» **HOW TO COMPLETE THIS TASK**
Every line below must come back exactly as it stands, with the images omitted.

» **Records drawn from a dataset**
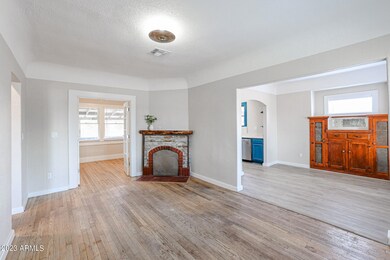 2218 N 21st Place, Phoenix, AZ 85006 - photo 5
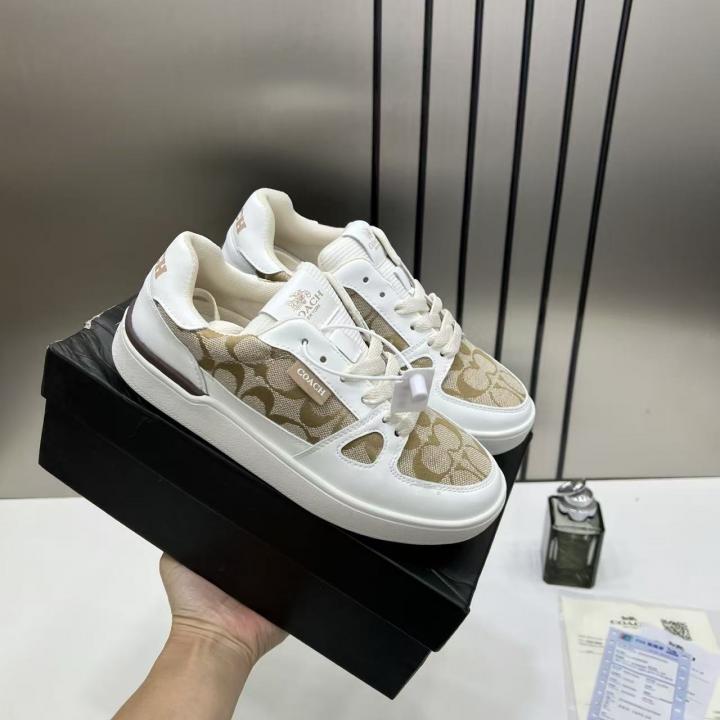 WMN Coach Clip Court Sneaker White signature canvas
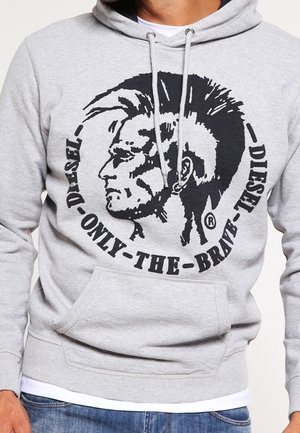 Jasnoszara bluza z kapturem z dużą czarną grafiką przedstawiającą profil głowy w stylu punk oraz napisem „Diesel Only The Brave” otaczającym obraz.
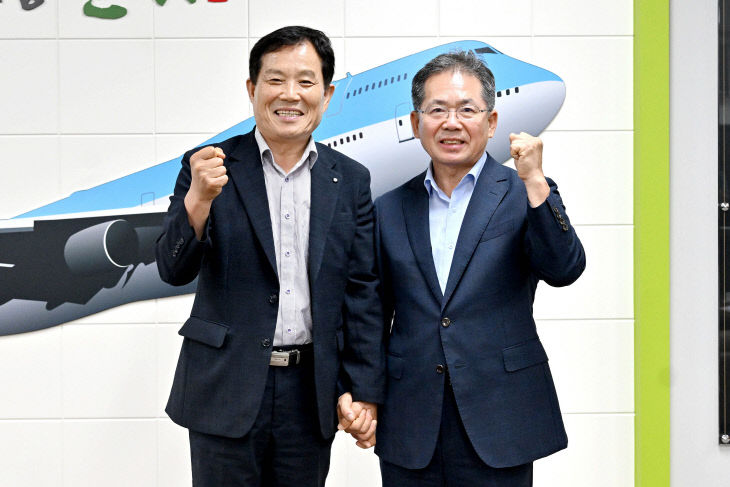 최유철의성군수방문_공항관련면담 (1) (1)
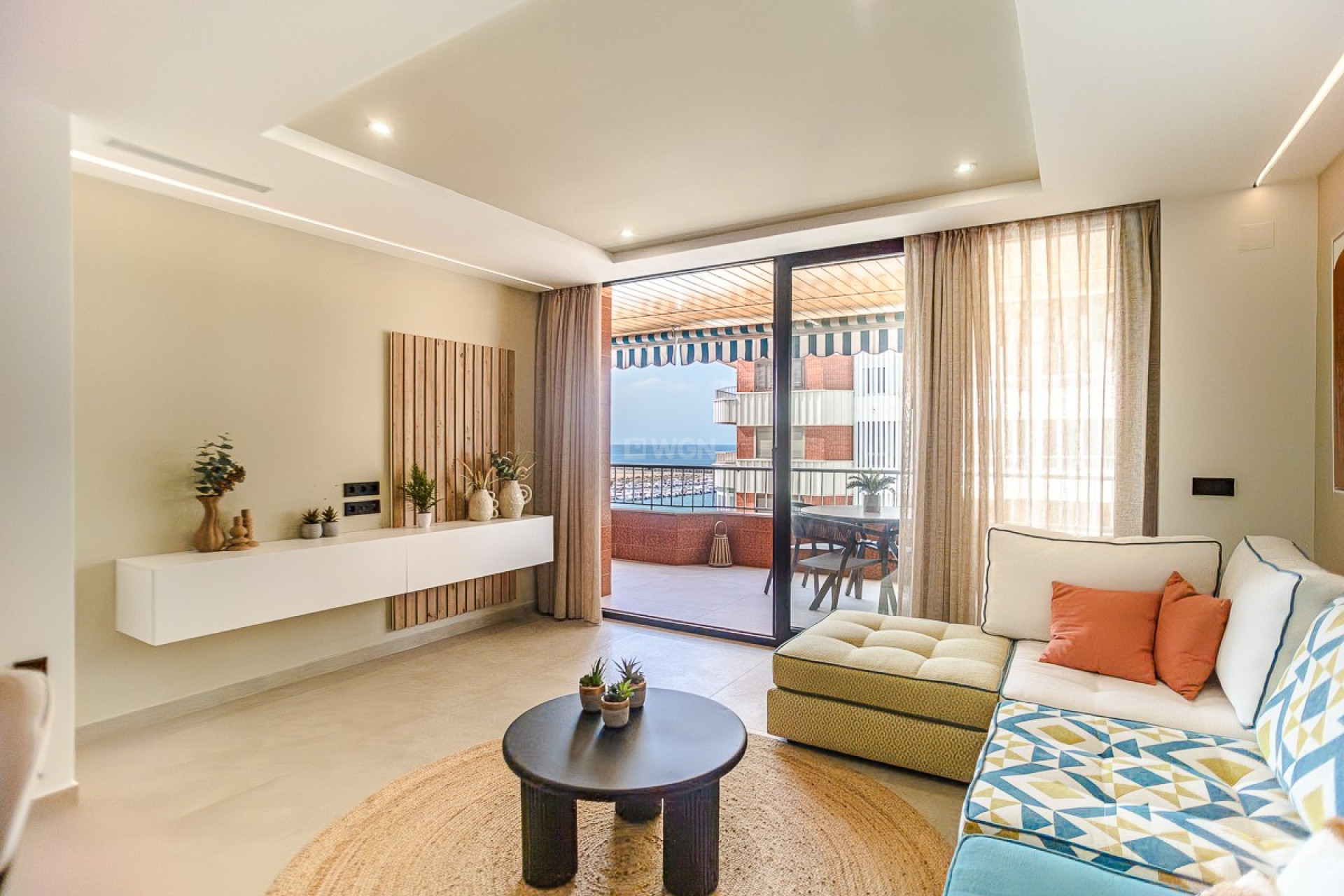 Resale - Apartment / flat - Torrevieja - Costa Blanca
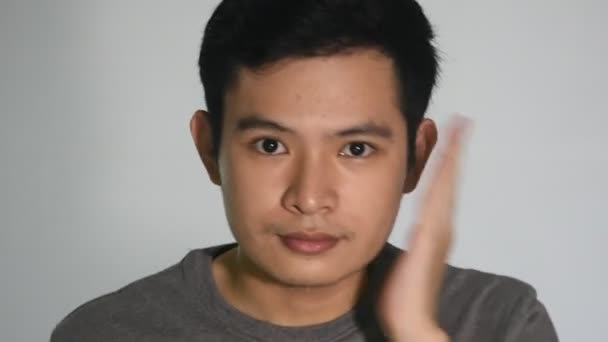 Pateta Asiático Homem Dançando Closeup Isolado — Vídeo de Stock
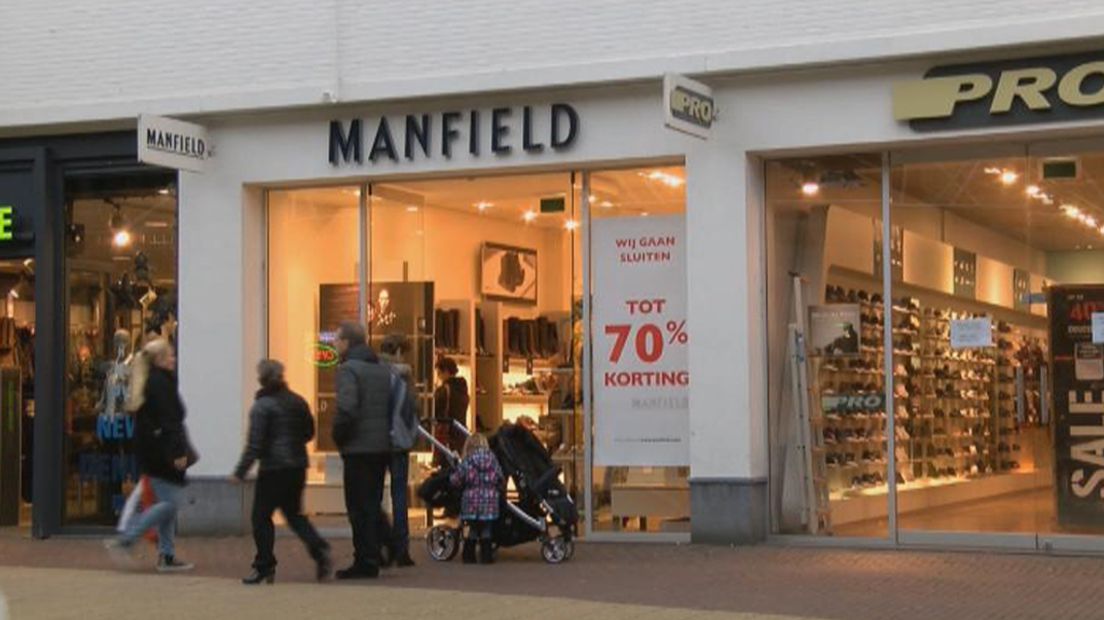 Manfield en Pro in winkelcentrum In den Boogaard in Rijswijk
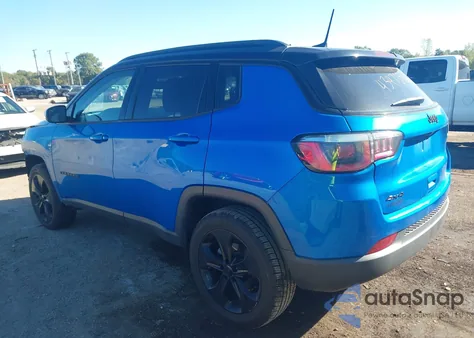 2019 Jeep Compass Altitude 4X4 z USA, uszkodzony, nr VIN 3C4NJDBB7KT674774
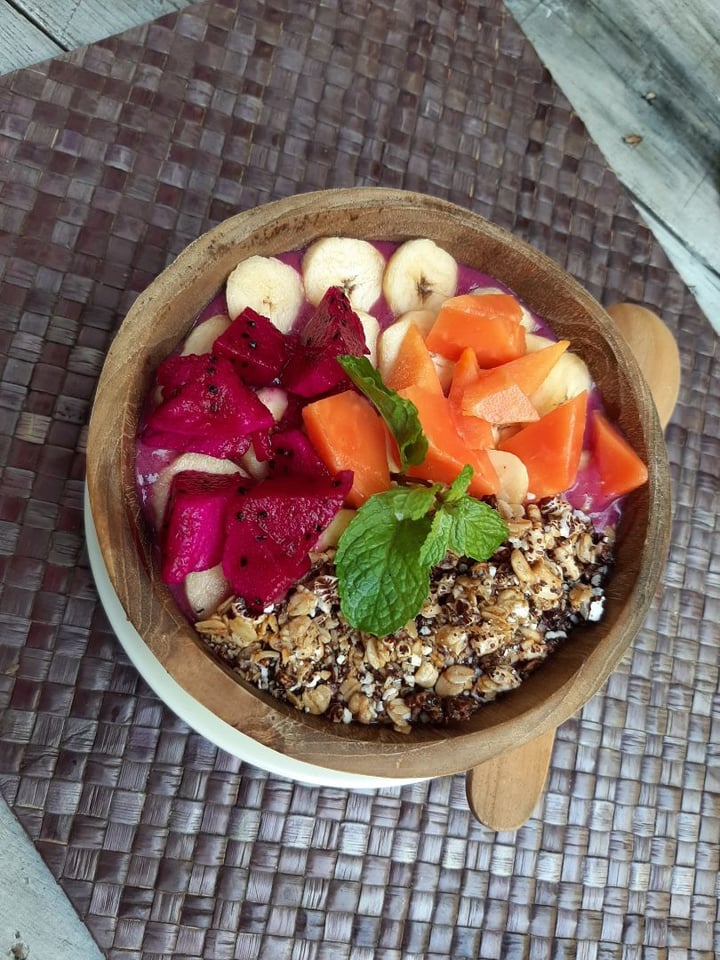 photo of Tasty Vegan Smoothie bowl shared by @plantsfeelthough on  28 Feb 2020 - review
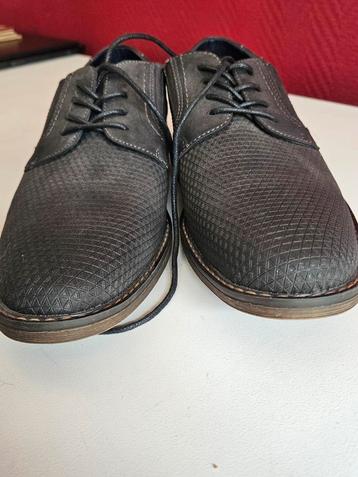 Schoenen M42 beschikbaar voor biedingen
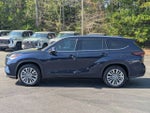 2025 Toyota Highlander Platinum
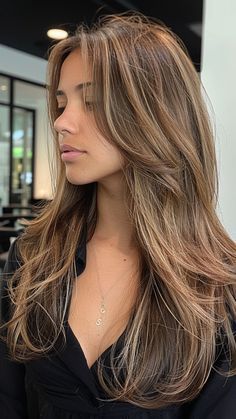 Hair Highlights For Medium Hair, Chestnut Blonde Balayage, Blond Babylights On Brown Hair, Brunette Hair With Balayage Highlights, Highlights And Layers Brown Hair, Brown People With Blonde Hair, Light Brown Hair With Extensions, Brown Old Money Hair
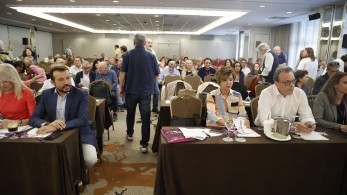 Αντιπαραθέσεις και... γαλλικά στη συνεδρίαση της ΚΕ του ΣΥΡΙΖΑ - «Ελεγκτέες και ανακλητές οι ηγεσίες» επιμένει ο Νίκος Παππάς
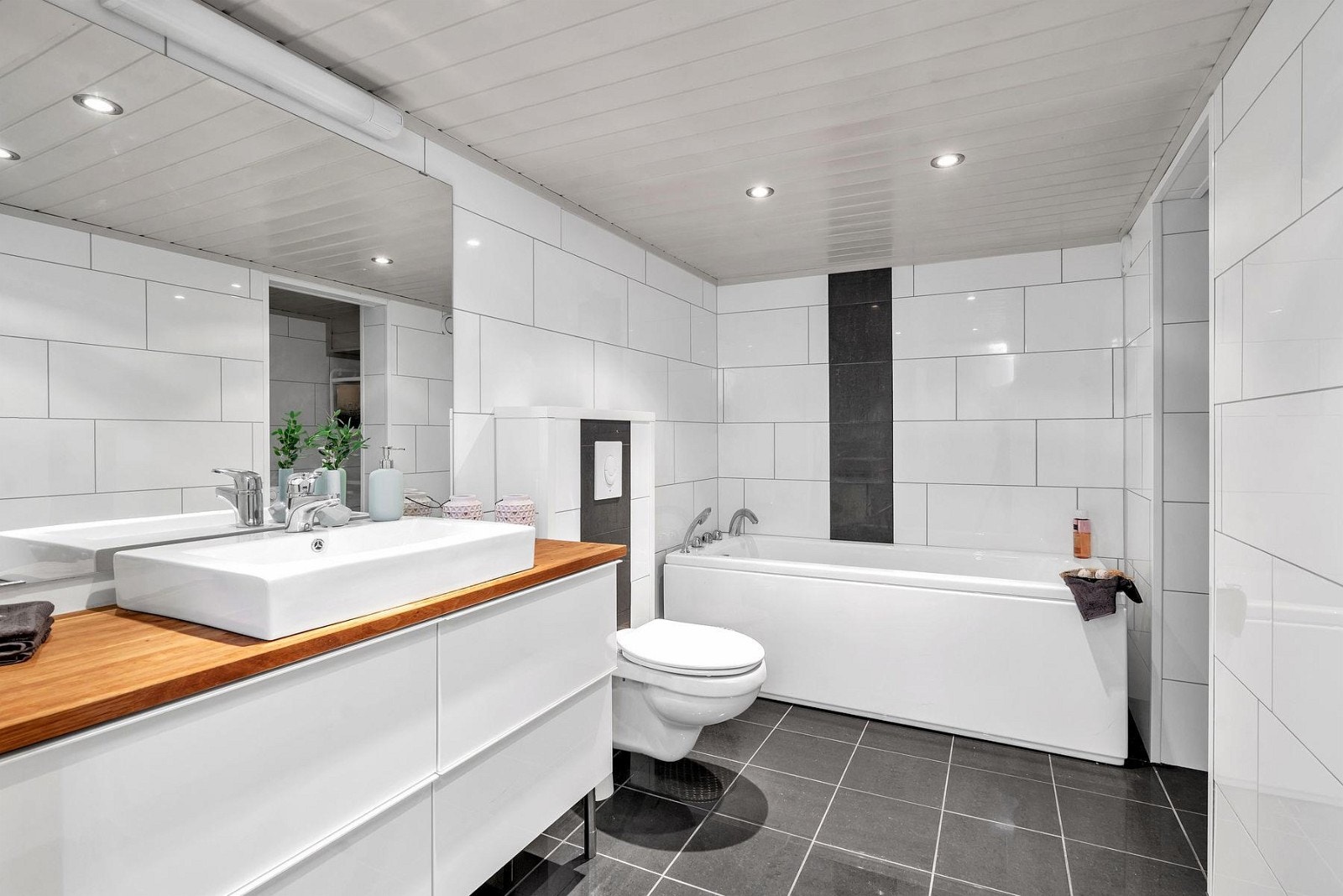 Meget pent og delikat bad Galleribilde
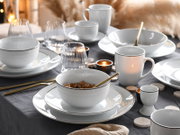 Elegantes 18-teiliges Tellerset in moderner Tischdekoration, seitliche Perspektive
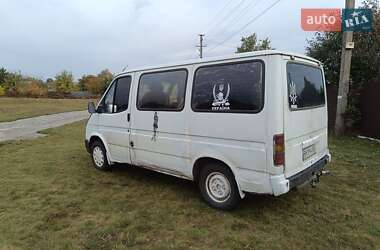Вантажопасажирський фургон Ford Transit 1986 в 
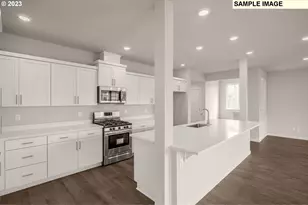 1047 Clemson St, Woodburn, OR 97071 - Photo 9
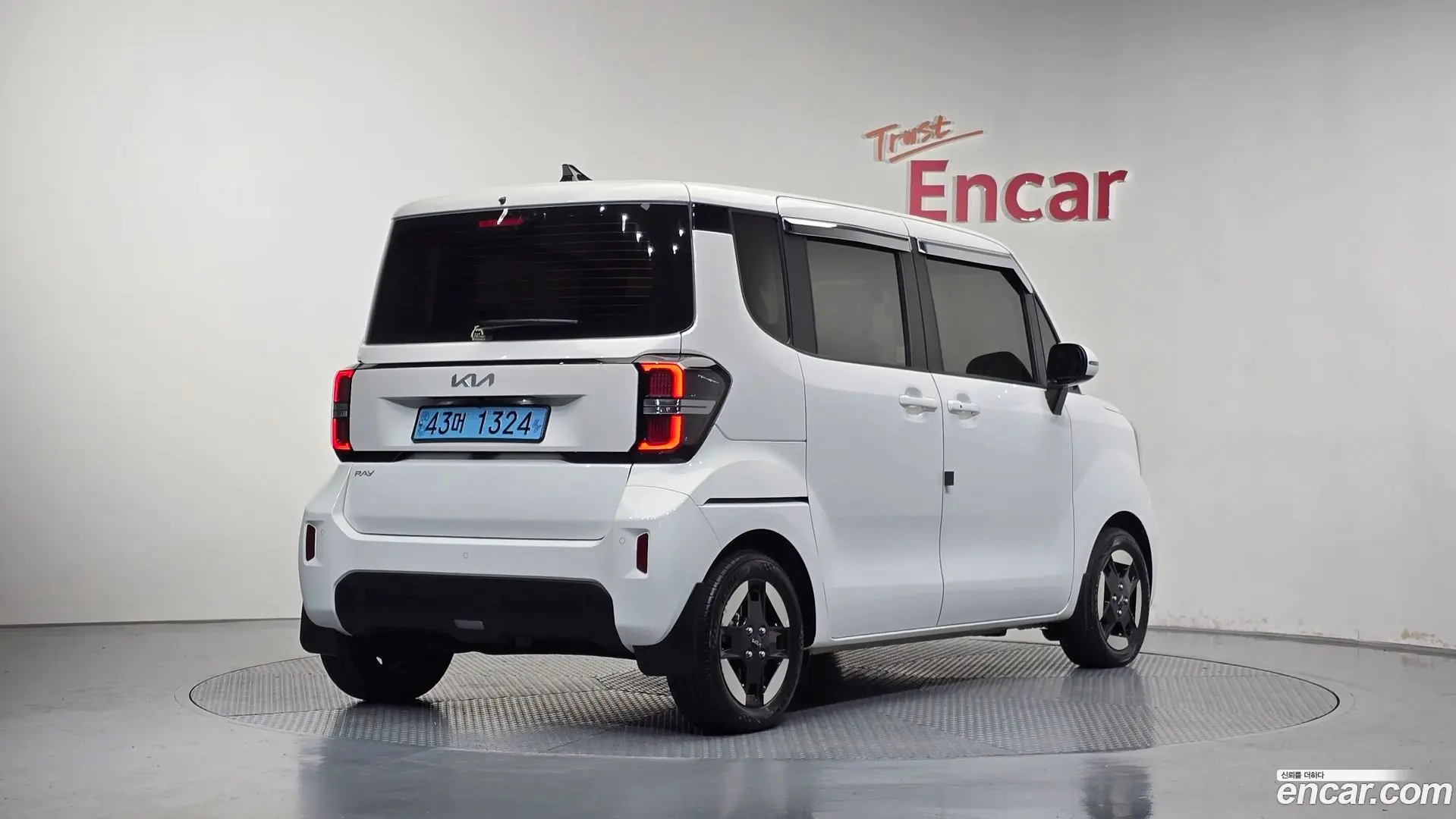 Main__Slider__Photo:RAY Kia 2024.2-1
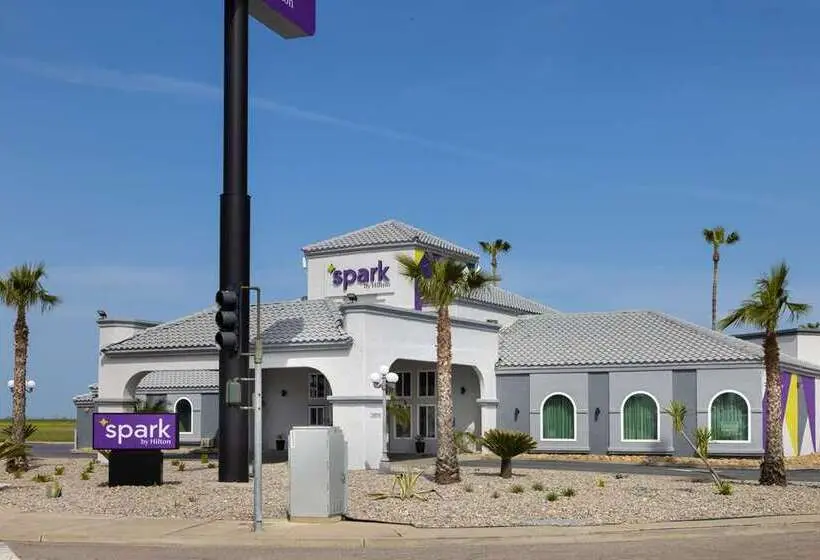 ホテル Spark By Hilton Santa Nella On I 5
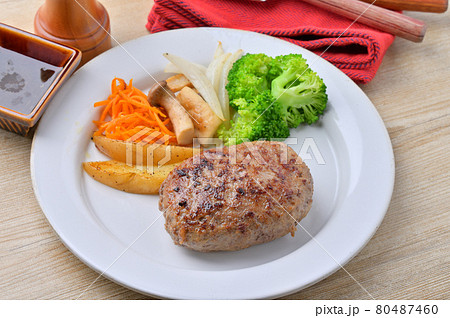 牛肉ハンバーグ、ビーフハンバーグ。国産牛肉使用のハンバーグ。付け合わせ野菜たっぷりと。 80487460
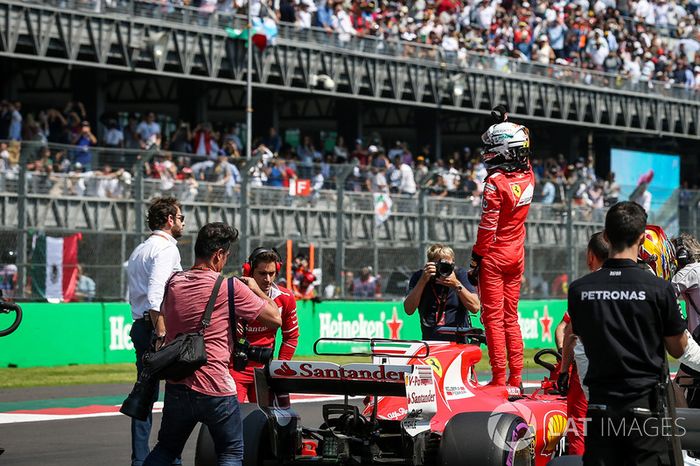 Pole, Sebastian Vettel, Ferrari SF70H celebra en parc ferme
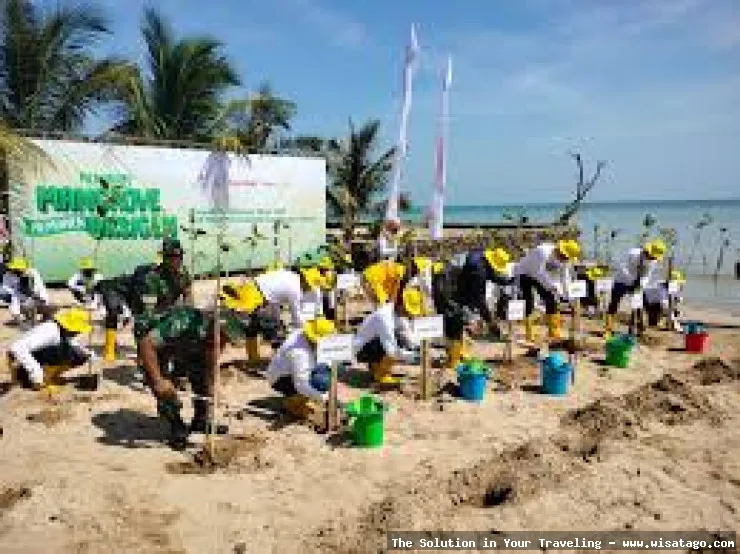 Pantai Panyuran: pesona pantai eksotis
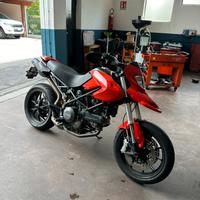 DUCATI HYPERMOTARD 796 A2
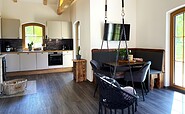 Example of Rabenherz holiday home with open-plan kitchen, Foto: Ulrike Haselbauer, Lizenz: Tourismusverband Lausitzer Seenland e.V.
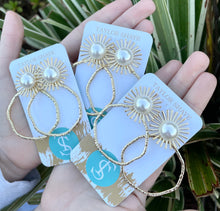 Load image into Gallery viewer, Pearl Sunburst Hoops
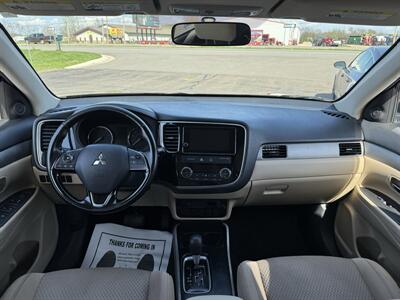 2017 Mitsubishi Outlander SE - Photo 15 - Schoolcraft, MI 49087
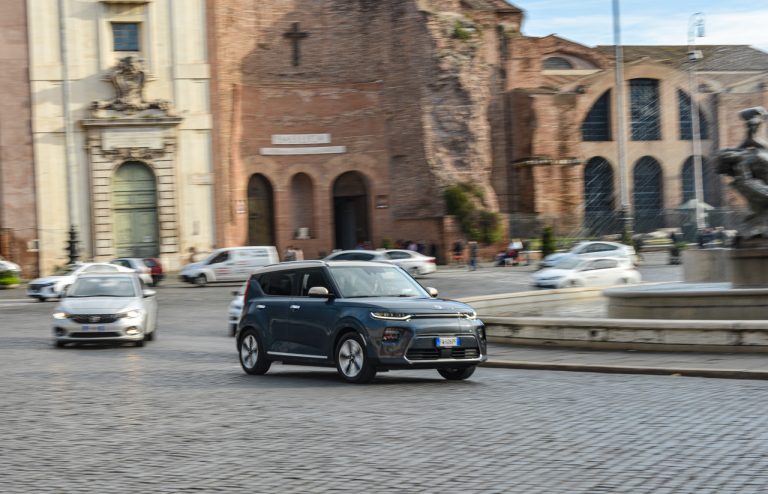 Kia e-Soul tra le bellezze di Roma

» **RESPONSE**
 2218 N 21st Place, Phoenix, AZ 85006 - photo 5
 WMN Coach Clip Court Sneaker White signature canvas
 Jasnoszara bluza z kapturem z dużą czarną grafiką przedstawiającą profil głowy w stylu punk oraz napisem „Diesel Only The Brave” otaczającym obraz.
 최유철의성군수방문_공항관련면담 (1) (1)
 Resale - Apartment / flat - Torrevieja - Costa Blanca
 Pateta Asiático Homem Dançando Closeup Isolado — Vídeo de Stock
 Manfield en Pro in winkelcentrum In den Boogaard in Rijswijk
 2019 Jeep Compass Altitude 4X4 z USA, uszkodzony, nr VIN 3C4NJDBB7KT674774
 photo of Tasty Vegan Smoothie bowl shared by @plantsfeelthough on  28 Feb 2020 - review
 Schoenen M42 beschikbaar voor biedingen
 2025 Toyota Highlander Platinum
 Hair Highlights For Medium Hair, Chestnut Blonde Balayage, Blond Babylights On Brown Hair, Brunette Hair With Balayage Highlights, Highlights And Layers Brown Hair, Brown People With Blonde Hair, Light Brown Hair With Extensions, Brown Old Money Hair
 Αντιπαραθέσεις και... γαλλικά στη συνεδρίαση της ΚΕ του ΣΥΡΙΖΑ - «Ελεγκτέες και ανακλητές οι ηγεσίες» επιμένει ο Νίκος Παππάς
 Meget pent og delikat bad Galleribilde
 Elegantes 18-teiliges Tellerset in moderner Tischdekoration, seitliche Perspektive
Вантажопасажирський фургон Ford Transit 1986 в 
 1047 Clemson St, Woodburn, OR 97071 - Photo 9
 Main__Slider__Photo:RAY Kia 2024.2-1
 ホテル Spark By Hilton Santa Nella On I 5
 牛肉ハンバーグ、ビーフハンバーグ。国産牛肉使用のハンバーグ。付け合わせ野菜たっぷりと。 80487460
 Pole, Sebastian Vettel, Ferrari SF70H celebra en parc ferme
 Pantai Panyuran: pesona pantai eksotis
 DUCATI HYPERMOTARD 796 A2
 Example of Rabenherz holiday home with open-plan kitchen, Foto: Ulrike Haselbauer, Lizenz: Tourismusverband Lausitzer Seenland e.V.
 Load image into Gallery viewer, Pearl Sunburst Hoops
 2017 Mitsubishi Outlander SE - Photo 15 - Schoolcraft, MI 49087
 Kia e-Soul tra le bellezze di Roma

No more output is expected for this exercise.